__YOUR ASSIGNMENT__: Repeat all of the data exactly. Leave nothing out.

__GIVEN INFORMATION__:
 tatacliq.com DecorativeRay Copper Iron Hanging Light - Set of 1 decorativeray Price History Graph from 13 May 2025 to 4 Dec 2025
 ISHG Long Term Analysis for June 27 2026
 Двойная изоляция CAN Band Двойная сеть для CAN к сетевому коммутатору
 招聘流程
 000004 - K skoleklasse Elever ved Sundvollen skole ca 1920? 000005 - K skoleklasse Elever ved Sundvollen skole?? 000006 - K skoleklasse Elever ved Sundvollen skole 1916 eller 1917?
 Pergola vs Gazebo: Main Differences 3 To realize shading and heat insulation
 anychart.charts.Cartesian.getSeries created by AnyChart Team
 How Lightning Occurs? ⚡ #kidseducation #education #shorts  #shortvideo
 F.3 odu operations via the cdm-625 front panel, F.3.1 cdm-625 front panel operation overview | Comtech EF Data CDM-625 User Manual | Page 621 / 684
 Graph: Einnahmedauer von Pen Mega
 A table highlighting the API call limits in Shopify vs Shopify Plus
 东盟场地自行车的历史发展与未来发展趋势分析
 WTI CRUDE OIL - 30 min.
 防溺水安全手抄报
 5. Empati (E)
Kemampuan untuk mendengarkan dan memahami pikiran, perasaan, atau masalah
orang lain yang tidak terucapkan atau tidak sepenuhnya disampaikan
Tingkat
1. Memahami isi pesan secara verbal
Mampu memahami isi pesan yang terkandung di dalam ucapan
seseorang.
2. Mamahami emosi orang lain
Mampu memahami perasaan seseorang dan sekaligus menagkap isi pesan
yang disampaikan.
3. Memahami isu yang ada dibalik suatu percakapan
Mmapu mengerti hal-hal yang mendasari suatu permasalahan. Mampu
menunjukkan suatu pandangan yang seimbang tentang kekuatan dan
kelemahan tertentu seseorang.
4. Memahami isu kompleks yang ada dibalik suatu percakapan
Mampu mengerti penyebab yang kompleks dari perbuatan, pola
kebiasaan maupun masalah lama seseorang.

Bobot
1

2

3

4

__SOLUTION__:
 tatacliq.com DecorativeRay Copper Iron Hanging Light - Set of 1 decorativeray Price History Graph from 13 May 2025 to 4 Dec 2025
 ISHG Long Term Analysis for June 27 2026
 Двойная изоляция CAN Band Двойная сеть для CAN к сетевому коммутатору
 招聘流程
 000004 - K skoleklasse Elever ved Sundvollen skole ca 1920? 000005 - K skoleklasse Elever ved Sundvollen skole?? 000006 - K skoleklasse Elever ved Sundvollen skole 1916 eller 1917?
 Pergola vs Gazebo: Main Differences 3 To realize shading and heat insulation
 anychart.charts.Cartesian.getSeries created by AnyChart Team
 How Lightning Occurs? ⚡ #kidseducation #education #shorts  #shortvideo
 F.3 odu operations via the cdm-625 front panel, F.3.1 cdm-625 front panel operation overview | Comtech EF Data CDM-625 User Manual | Page 621 / 684
 Graph: Einnahmedauer von Pen Mega
 A table highlighting the API call limits in Shopify vs Shopify Plus
 东盟场地自行车的历史发展与未来发展趋势分析
 WTI CRUDE OIL - 30 min.
 防溺水安全手抄报
 5. Empati (E)
Kemampuan untuk mendengarkan dan memahami pikiran, perasaan, atau masalah
orang lain yang tidak terucapkan atau tidak sepenuhnya disampaikan
Tingkat
1. Memahami isi pesan secara verbal
Mampu memahami isi pesan yang terkandung di dalam ucapan
seseorang.
2. Mamahami emosi orang lain
Mampu memahami perasaan seseorang dan sekaligus menagkap isi pesan
yang disampaikan.
3. Memahami isu yang ada dibalik suatu percakapan
Mmapu mengerti hal-hal yang mendasari suatu permasalahan. Mampu
menunjukkan suatu pandangan yang seimbang tentang kekuatan dan
kelemahan tertentu seseorang.
4. Memahami isu kompleks yang ada dibalik suatu percakapan
Mampu mengerti penyebab yang kompleks dari perbuatan, pola
kebiasaan maupun masalah lama seseorang.

Bobot
1

2

3

4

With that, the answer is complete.